For now you’ll need to use master of SimpleTraits, once there is a new tagged version of that I’ll register and release IterableTables properly.


#6

Cool! Hadn’t seen that.


#7

PRs - always, definitely :wink:

I have been musing about slightly more flexible data containers (that support things like group by operations, column and row indices that can be static or dynamic, and fast lookup indexes). But so far I don’t have anything meaningful and open source to release (for work, I do have a bespoke strongly typed tabular data structure with fast spatial lookup, which has a more convenient interface than in TypedTables.)

Anyway, I still believe that, in the right circumstances, a TypedTable is really useful and convenient, so
future work on TypedTables to make it have a better API, be more flexible and fully featured and work with other packages, and to fix bugs seems worthwhile.


#8

IndexedTables is interesting, but unless I’m mistaken, it’s not really a tabular type. It looks more like a dictionary / map.

I just tried DataTables.jl and Query.jl for the first time:

dt = DataTable(A = 1:4, B = ["M", "F", "F", "M"])
f(dt) = @from i in dt begin
           @select i.A
           @collect
       end
@code_warntype f(dt)

tells me that this is not type-stable. Am I correct that the point of Query.jl and DataFramesMeta.jl’s @with is that whatever computation happens inside of their respective macro expansions will be done in a type-stable and efficient way, but I shouldn’t expect a type-inferred return value?

Regarding CompositeDataFrame, is there a substantive difference with TypedTables? My understanding is that the former generates a type by calling eval, while the latter uses parametric types to achieve essentially the same thing (which is perhaps a bit cleaner?) I would expect both approaches to have essentially the same performance characteristics, right?

Awesome! Is there still any hope of a common interface package, so that we don’t have to use Requires.j? AbstractTables.jl looks pretty dead.


#9

Am I correct that the point of Query.jl and DataFramesMeta.jl’s @with is that whatever computation happens inside of their respective macro expansions will be done in a type-stable and efficient way, but I shouldn’t expect a type-inferred return value?

For Query, yes. Not sure about DataFramesMeta. I am thinking about something like this for Query currently:

@from i in dt begin
    @select i.A
    @collect
end q begin
    # In this block q holds the result of the query, and everything is type stable
    println(q)
end

But I’m not sure how much I like that, so any feedback would be welcome.

Awesome!

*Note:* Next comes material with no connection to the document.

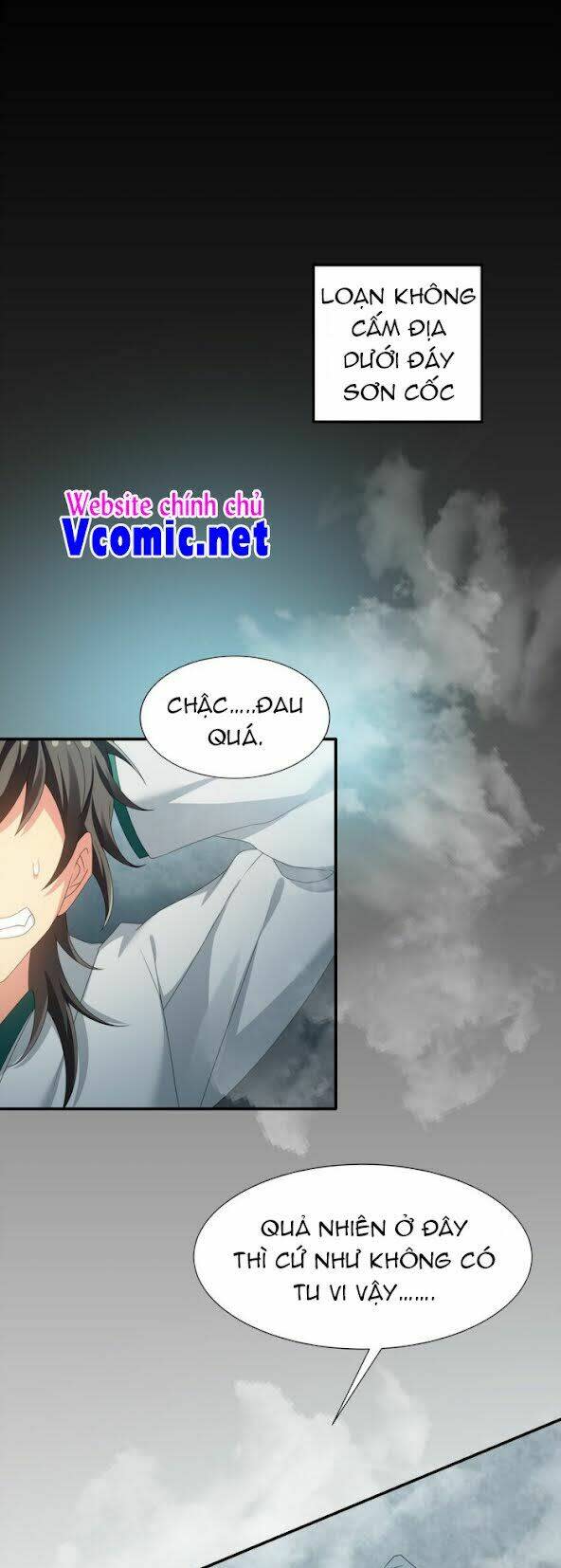 toàn bộ tu chân giới muội tử muốn bắt ta chapter 58: raw - Trang 2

Is there still any hope of a common interface package, so that we don’t have to use Requires.j? AbstractTables.jl looks pretty dead.

The use of Requires.jl is really just temporary. My goal is to move out all the source and sink specific code into the actual source and sink packages, so that IterableTable essentially only has this and maybe this code. But for now it makes things easier for me to have all the code in one repo while I iterate on things. At the end of the day IterableTable is an alternative to something like AbstractTables. The main difference really is that a) it only provides a row iteration interface (no column based interface) and b) it is not based on some common supertype, but uses traits. The latter makes the whole system much, much more flexible.


#10

I think it looks OK. This also parses:

@from(i in dt, begin
    @select i.A
    @collect
end) do q
    # In this block q holds the result of the query, and everything is type stable
    println(q)
end

Looking forward to that, good luck!


#11

IndexedTables has a Columns type you can use as a table. Its API is still a little clunkier than a DataFrame, but it’s type stable.